They conduct all experiments in PyBullet simulation, and extensively test by ablating on various components. The experiments focus on either a single-heap or a dual-heap set of objects, which additionally tests if the policy can learn to ignore the “distractor” heap (i.e., the one without the target object in it) in the latter setting. The major future work plan is to address failure cases. I would also add that the authors could consider applying this on a physical robot.
These two papers give a nice overview of two flavors of mechanical search. The next two papers also relate to mechanical search, and utilize something known as learned occupancy distributions. Let’s dive in to see what that means.
X-RAY and LAX-RAY
In an IROS 2020 paper, Danielczuk and collaborators introduce the idea of X-RAY for mechanical search of occluded objects. To be clear: there was already occlusion present in the prior works, but this work explicitly considers it. X-RAY stands for maXimize Reduction in support Area of occupancY distribution. The key idea is to use X-RAY to estimate “occupancy distributions,” a fancy way of labeling each bounding box in an image with the likelihood that it contains the target object.
As with the prior works, there is an MDP formulation, but there are a few other important definitions:
- The modal segmentation mask: regions of pixels in an image corresponding to a given target object which are visible.
- The amodal segmentation mask: regions of pixels in an image corresponding to a given target image which are either visible or invisible. Thus, the amodal segmentation mask must contain the modal segmentation mask, as it has both the visible component, plus any invisible stuff (which is where the occlusion happens).
- Finally, the occupancy distribution $\rho \in \mathcal{P}$: the unnormalized distribution describing the likelihood that a given pixel in the observation image contains some part of the target object’s amodal segmentation mask.
This enables them to utilize the following reward function to replace a sparse reward:
\[\tilde{R}(\mathbf{y}_k, \mathbf{y}_{k+1}) = |{\rm supp}(f_\rho(\mathbf{y}_{k}))| - |{\rm supp}(f_\rho(\mathbf{y}_{k+1}))|\]where \(f_\rho\) is a function that takes in an observation \(\mathbf{y}_{k}\) (following the paper’s notation) and produces the occupancy distribution \(\rho_k\) for a given bounding box, and where \(|{\rm supp}(\rho)|\) for a given support \(\rho\) (dropping the $k$ subscript for now) is the number of nonzero pixels in \(\rho\).
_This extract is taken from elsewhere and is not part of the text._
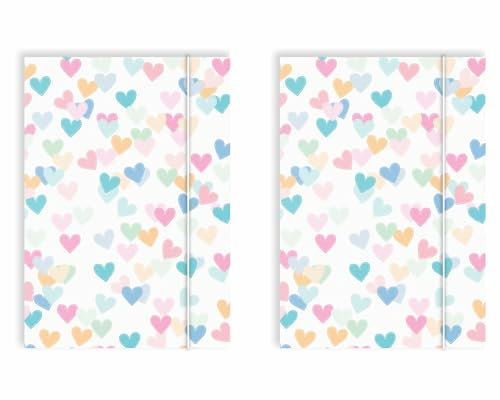 Friendly Fox DIN A4 Sammelmappen Herzen 2x Schulmappe Kinder, Postmappe A4 Schule mit Gummizug, bunte Hausaufgabenmappe Kinder Schule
Why is this logical? By reducing the occupancy distribution, one decreases the number pixels that MIGHT occlude the target objects, hence reducing uncertainty. Said another way, increasing this reward gives us greater certainty as to where the target object is located, which is an obvious prerequisite for mechanical search.
The paper then describes (a) how to estimate $f_\rho$ in a data-driven manner, and then (b) how to use this learned $f_\rho$, along with $\tilde{R}$, to define a greedy policy.
There’s an elaborate pipeline for generating the training data. Originally I was confused about their procedure for translating the target object. But after reading carefully and watching the supplementary video, I understand; it involves simulating a translation and rotation while keeping objects fixed. Basically, they pretend they can repeatedly insert the target object at specific locations underneath a pile of distractor objects, and if it results in the same occupancy distribution, then they can include such images in the data to expand the occupancy distribution to its maximum possible area (by aggregating all the amodal maps), meaning that estimates of the occupancy distribution are a lower bound on the area.
As expected, they train using a Fully Convolutional Network (FCN) with a pixel-wise MSE loss. You can think of this loss as taking the target image and the image produced from the FCN, unrolling them into long vectors \(\mathbf{x}_{\rm targ}\) and \(\mathbf{x}_{\rm pred}\), then computing
\[\|\mathbf{x}_{\rm targ} - \mathbf{x}_{\rm pred}\|_2^2\]to find the loss. This glosses over a tiny detail: the network actually predicts occupancy distributions for different aspect ratios (one per channel in the output image) and only the channel with the similar input aspect ratio gets considered for the loss. Not a huge deal to know if you’re skimming the paper: it probably suffices to just realize that it’s the standard MSE.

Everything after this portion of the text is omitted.